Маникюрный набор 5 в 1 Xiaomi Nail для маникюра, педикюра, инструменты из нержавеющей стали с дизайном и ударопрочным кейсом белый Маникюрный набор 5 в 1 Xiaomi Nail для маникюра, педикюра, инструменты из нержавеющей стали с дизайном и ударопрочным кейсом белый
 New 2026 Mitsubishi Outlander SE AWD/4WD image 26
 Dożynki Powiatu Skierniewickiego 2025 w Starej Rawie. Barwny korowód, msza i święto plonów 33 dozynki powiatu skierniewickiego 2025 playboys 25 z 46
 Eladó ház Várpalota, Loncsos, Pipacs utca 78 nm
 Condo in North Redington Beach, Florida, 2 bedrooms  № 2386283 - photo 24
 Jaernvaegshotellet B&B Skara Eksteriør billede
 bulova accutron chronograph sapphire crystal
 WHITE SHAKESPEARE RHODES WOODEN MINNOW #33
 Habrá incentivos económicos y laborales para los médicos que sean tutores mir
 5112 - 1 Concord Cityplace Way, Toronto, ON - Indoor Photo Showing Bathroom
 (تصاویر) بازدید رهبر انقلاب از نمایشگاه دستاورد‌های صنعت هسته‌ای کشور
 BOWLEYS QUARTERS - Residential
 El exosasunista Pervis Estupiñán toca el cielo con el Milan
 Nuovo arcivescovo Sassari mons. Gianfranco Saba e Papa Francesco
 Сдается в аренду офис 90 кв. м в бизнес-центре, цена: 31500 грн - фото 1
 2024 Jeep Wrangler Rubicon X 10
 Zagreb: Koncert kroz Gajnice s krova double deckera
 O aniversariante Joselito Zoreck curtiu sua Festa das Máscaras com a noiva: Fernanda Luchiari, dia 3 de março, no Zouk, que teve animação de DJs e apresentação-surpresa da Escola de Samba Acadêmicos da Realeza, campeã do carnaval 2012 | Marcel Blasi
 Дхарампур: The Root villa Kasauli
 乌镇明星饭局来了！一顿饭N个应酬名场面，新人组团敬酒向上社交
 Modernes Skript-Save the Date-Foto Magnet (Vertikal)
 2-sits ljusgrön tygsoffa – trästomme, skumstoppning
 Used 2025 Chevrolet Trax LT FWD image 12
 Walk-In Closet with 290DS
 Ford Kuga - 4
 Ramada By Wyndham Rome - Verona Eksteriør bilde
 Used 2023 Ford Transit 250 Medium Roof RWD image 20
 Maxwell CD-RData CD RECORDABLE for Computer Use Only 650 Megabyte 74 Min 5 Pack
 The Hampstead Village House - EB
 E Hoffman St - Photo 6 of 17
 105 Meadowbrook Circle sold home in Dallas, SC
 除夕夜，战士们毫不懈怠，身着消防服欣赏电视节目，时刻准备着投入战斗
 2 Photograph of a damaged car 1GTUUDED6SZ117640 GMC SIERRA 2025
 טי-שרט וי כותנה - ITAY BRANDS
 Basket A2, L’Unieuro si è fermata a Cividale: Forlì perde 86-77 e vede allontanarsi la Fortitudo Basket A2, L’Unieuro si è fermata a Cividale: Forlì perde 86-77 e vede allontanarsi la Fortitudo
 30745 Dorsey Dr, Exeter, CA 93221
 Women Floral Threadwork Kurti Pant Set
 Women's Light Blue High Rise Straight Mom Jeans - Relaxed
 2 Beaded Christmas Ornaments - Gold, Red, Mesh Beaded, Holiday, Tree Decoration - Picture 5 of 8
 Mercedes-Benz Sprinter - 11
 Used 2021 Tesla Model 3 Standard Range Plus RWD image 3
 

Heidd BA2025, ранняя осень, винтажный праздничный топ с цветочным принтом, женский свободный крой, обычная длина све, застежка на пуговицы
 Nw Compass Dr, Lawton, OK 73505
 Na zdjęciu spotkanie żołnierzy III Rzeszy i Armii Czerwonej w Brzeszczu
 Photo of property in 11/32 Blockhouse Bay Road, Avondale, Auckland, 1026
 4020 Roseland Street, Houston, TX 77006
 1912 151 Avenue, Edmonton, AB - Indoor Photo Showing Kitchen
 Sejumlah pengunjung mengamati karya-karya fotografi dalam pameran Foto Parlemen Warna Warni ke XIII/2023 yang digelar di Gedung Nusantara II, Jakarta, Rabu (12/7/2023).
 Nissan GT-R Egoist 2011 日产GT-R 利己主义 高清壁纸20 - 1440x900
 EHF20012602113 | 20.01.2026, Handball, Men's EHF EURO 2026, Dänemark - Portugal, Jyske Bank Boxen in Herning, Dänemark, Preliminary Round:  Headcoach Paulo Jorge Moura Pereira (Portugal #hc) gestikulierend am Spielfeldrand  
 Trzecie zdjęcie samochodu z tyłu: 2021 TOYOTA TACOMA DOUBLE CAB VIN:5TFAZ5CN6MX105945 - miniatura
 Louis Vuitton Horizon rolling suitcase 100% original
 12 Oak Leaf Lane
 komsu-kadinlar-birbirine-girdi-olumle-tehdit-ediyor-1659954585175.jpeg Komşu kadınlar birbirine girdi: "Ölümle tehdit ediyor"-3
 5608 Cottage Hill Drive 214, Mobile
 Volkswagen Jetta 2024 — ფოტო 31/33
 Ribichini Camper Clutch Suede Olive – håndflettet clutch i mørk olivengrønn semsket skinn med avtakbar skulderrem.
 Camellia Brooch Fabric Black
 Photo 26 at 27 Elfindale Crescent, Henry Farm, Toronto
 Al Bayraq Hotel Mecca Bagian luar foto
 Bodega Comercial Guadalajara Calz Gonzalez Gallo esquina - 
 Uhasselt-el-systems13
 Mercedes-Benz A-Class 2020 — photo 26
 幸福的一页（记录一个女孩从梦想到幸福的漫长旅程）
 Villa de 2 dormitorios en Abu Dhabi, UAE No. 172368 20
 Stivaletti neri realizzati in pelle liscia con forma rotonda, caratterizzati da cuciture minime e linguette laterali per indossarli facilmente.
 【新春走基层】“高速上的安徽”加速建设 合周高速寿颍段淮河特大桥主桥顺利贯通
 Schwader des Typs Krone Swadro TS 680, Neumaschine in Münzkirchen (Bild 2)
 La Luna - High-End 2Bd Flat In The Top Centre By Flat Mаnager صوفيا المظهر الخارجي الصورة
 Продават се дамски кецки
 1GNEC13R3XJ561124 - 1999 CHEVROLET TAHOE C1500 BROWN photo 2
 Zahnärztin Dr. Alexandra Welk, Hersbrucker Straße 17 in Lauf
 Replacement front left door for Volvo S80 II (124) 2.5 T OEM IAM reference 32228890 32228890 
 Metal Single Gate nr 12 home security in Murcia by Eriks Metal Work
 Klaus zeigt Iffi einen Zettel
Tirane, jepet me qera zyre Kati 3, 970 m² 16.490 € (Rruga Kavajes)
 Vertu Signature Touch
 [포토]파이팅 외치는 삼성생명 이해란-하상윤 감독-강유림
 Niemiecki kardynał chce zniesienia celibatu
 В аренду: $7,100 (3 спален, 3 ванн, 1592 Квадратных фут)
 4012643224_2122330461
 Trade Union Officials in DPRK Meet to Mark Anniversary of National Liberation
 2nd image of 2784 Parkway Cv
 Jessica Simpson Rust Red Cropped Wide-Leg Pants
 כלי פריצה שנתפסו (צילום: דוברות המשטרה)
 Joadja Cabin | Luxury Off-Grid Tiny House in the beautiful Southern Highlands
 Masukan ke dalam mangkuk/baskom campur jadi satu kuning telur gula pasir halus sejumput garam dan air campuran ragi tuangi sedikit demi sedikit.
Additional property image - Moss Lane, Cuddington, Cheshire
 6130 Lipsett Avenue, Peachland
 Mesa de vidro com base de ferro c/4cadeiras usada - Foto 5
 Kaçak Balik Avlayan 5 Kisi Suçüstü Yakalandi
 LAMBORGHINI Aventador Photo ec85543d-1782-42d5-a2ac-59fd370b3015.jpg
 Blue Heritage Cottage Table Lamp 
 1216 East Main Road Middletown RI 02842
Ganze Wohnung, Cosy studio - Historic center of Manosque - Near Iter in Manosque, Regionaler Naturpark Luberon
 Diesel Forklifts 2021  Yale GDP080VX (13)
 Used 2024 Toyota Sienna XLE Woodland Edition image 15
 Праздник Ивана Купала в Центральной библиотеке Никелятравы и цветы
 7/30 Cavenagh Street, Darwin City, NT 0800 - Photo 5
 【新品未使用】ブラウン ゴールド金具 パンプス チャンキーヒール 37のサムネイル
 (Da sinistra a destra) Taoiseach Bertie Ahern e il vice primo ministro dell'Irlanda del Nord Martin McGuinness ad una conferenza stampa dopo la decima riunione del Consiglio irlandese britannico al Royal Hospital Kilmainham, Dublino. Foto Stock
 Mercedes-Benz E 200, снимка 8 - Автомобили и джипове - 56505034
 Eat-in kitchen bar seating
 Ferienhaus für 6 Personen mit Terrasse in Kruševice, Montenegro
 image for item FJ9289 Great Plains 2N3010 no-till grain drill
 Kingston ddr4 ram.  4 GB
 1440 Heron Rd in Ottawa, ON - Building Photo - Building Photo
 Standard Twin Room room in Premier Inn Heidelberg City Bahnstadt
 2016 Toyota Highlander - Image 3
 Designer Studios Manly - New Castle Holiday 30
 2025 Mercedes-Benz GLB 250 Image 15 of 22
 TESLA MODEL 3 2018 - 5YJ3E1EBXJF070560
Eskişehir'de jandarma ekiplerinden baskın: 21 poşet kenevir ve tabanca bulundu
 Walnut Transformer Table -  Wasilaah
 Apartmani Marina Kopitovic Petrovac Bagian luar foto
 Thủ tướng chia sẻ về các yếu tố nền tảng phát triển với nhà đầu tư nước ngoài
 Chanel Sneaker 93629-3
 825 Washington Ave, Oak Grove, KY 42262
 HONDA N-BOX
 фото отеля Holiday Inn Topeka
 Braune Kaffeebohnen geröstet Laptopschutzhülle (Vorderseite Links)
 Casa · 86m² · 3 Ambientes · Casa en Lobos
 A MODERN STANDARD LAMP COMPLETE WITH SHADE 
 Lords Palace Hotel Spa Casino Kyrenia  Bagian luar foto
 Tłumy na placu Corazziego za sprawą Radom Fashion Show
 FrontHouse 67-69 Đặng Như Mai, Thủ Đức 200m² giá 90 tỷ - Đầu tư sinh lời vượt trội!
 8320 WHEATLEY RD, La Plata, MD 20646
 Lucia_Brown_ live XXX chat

- What to work on: Only the lines from the one containing "La Luna - High-End" through the one containing "Metal Single Gate" are to be retyped, both boundary lines included, with no other material.

- Exercise result:
 La Luna - High-End 2Bd Flat In The Top Centre By Flat Mаnager صوفيا المظهر الخارجي الصورة
 Продават се дамски кецки
 1GNEC13R3XJ561124 - 1999 CHEVROLET TAHOE C1500 BROWN photo 2
 Zahnärztin Dr. Alexandra Welk, Hersbrucker Straße 17 in Lauf
 Replacement front left door for Volvo S80 II (124) 2.5 T OEM IAM reference 32228890 32228890 
 Metal Single Gate nr 12 home security in Murcia by Eriks Metal Work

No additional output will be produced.